Now i havent finished, but i must sleep.
i will tie into the relevance of this vis a vis AE and why all teir statues have the same faces in the next post but i do feel like theguy at the wrong party.
i am in 3 forums in one thread
food for thought any way
sorry i cant conclude now but sleep is sleep

posted on Jan, 1 2017 @ 07:44 PM
a reply to: username74

posted in the wrong thread?

posted on Jan, 1 2017 @ 11:45 PM
a reply to: Byrd

looks like it doesnt it.
clunky on the reread.
where i am going is questioning our perception, of their perception.
i think if i put it in psychology it could be construed as philosophy, but i am reaching for interperetation of the physical forms that remain for us (the large works). point being we have to know where we stand to see where someone else stands. and there has to be some kind of benchmark for objectivity.we try to avoid error at all costs and in the process we impoverish cognitive representation to such an extent that there is very little matter left. the statues are androgynous and geometrically perfect (technical issues aside) in sharp contrast to greek and romans who went for direct likeness.
seems the AEs were building their view of the world into their representations. the statues of rameses, for example are not representations of rameses, a bloke, but rather of the office he held and its place within the cosmos.and man as the cosmos. this is not a primitive approach this is more developed an idea than the greeks romans and even us in some respects. it combines philosophy and physical science.
if they wanted to pull off a likeness are we suggesting they did not have the artistic or technical ability?.
all of this is at odds with the level of tech attributed.its incongruous. and like it or not we do find things we shouldnt be finding.
hence you are left with a number of unsatisfactory probabilities
1 our percerption and interperetation is way out due to our cultural inheritance, and weve been talking ourselves into a corner for 150 years
2 the time scale is way out and the AEs inherited some styles and customised some buildings and furniture from people who didnt make it through the dryas
ah that old

posted on Jan, 2 2017 @ 10:23 PM

originally posted by: username74
a reply to: Byrd
the statues are androgynous

The only androgynous ones are of Akhenaten and of Hatshepsut later in her reign. The rest are identifiably male or female by body shape and garb.

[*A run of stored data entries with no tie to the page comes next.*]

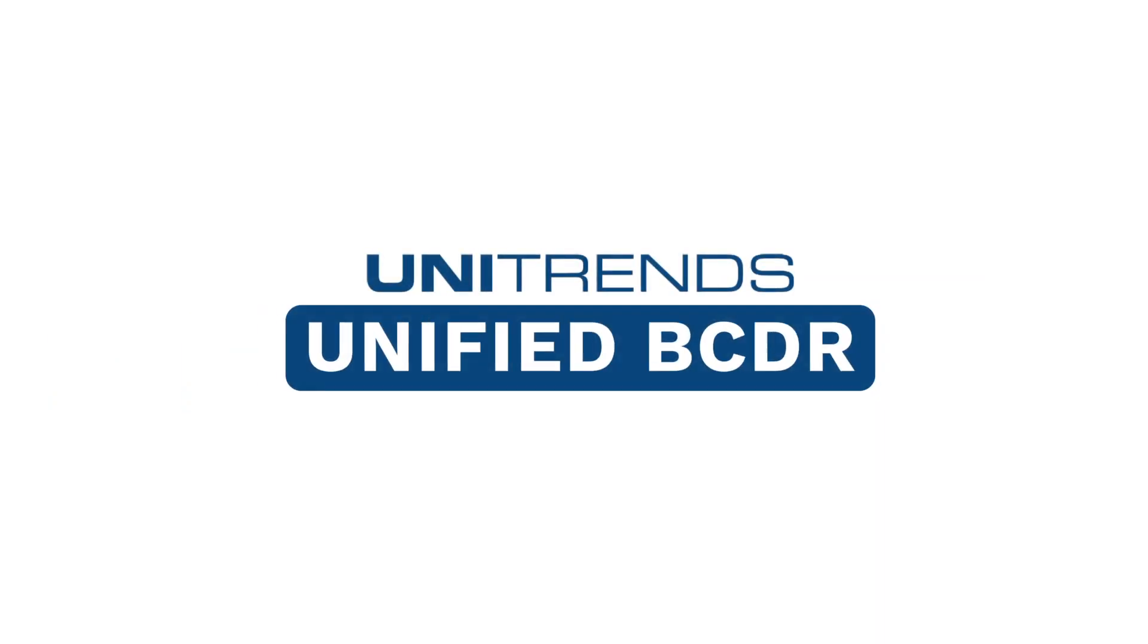Secure, detect, and recover with Unitrends Unified BCDR.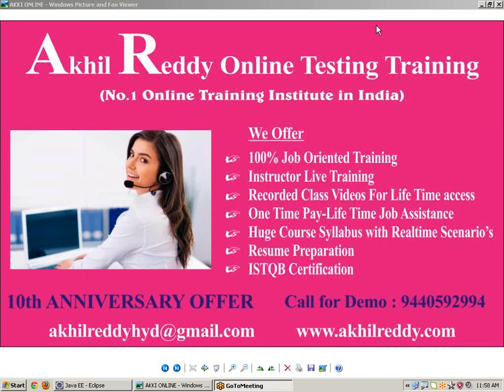Hi friends, this is Akhil Reddy from Akhil Reddy Technologies Hyderabad. I have 10 plus years of experience in the area of software testing, in which eight years of experience using automated tools like QTP and Selenium.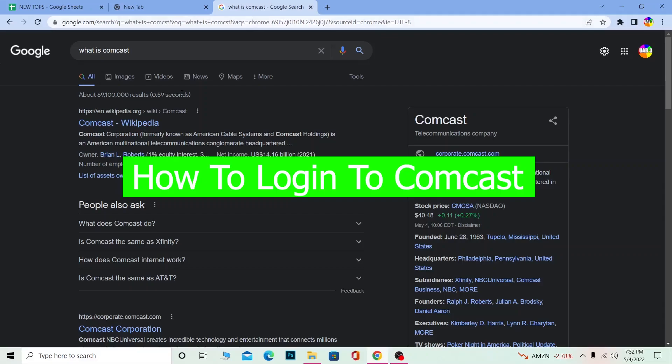Hello everybody, how have you guys been doing? Welcome back to our channel How to Guide. In today's video, I'm going to show you how to log into a Comcast account.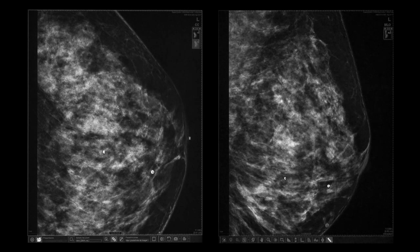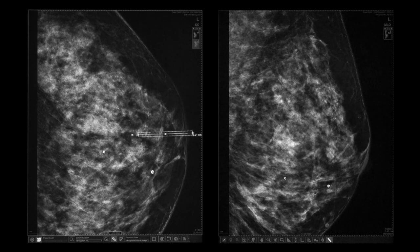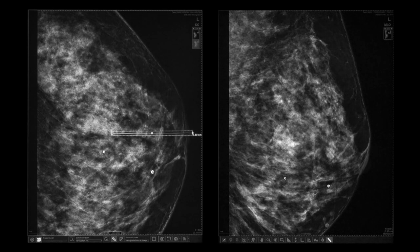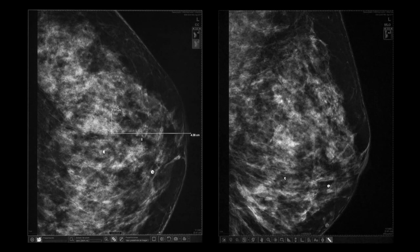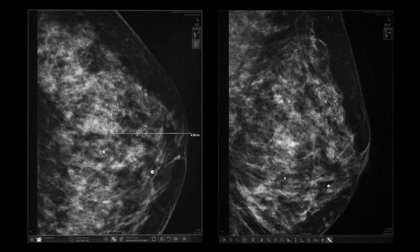In the cranio-caudal view, draw a straight line from the nipple to the chest wall — this is 4.38 cm — and a perpendicular one from the lesion to intersect with the first, which is 1.31 cm. These measurements will be replicated in the breast to ease positioning.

seems the AEs were building their view of the world into their representations.

Yes. That's what I was taught in my Egyptology courses. We even know how it changes over their 3,000 year history and how that was reflected in artifacts like coffins, texts, and temples.

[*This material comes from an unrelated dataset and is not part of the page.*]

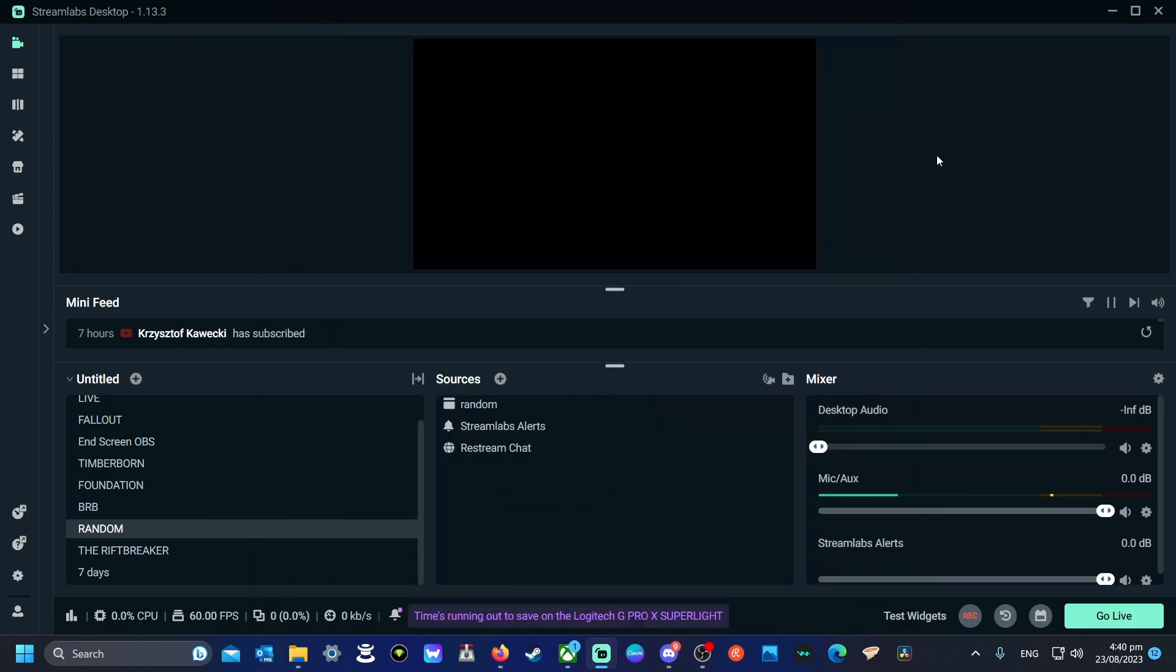So now that we have it set up, how do we actually use it? Well, when you're in the game, you'll see your game up in here. You need to click this button here to start your replay buffer.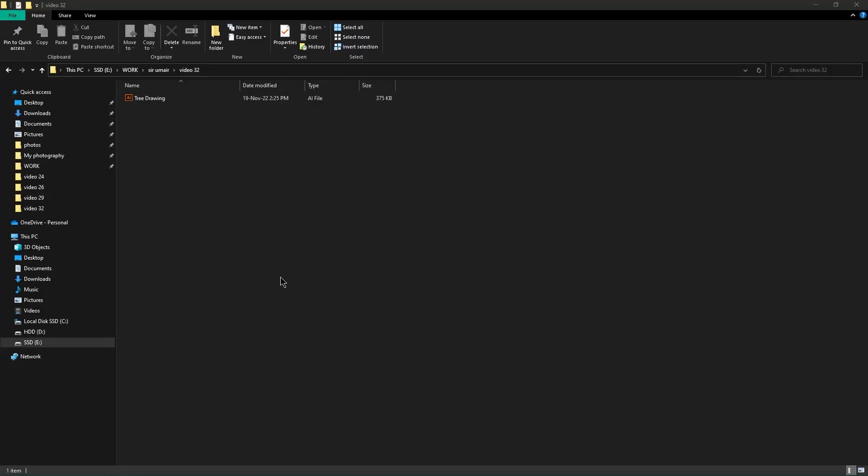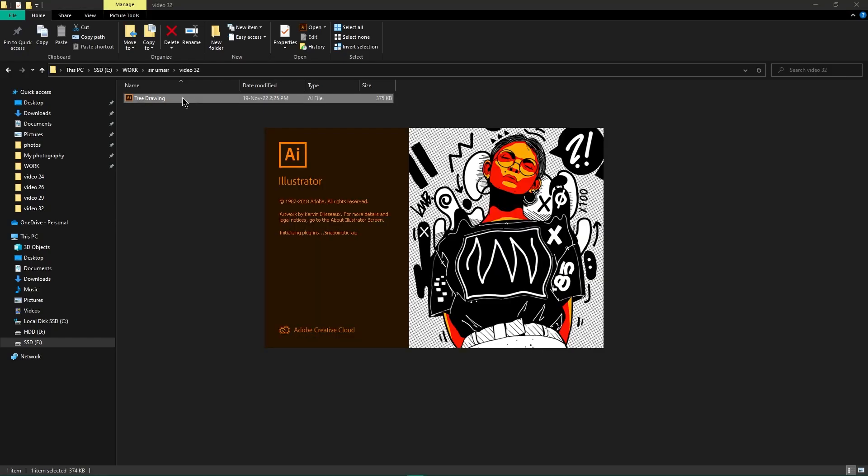Hello everyone and welcome back to yet another video. Today I will show you how to convert Adobe Illustrator files into Photoshop files. Let's suppose I want to convert this tree drawing into Adobe Photoshop file. Open the file.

the statues of rameses, for example are not representations of rameses, a bloke, but rather of the office he held and its place within the cosmos.and man as the cosmos.

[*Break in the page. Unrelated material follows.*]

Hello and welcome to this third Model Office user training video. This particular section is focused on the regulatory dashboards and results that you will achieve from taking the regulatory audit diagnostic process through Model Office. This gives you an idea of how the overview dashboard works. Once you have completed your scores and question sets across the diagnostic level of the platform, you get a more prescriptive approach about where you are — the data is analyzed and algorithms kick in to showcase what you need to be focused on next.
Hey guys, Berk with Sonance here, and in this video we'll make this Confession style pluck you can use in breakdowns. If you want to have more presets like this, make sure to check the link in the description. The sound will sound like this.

Yes, that's what I was taught in my Egyptology courses.

That concept is mentioned here:
Vaux, William Sandys Wright. Handbook to the Antiquities in the British Museum: Being a Description of the Remains of Greek, Assyrian, Egyptian and Etruscan Art Preserved There, with Numerous Illustrations. Murray, 1851.

and here..
Moret, Alexandre. Kings and gods of Egypt. Putnam, 1912.

...and many other places since that early mention in 1851.

hence you are left with a number of unsatisfactory probabilities

Not me.

But I have excellent teachers who give us access to a lot of material (and I do mean LOTS and lots and lots and lots of it) and I'm in the Yahoo group for learning hieroglyphs and on the AE mailing list and see discussions and papers from Egyptologists.

And I do a lot of reading on the subject.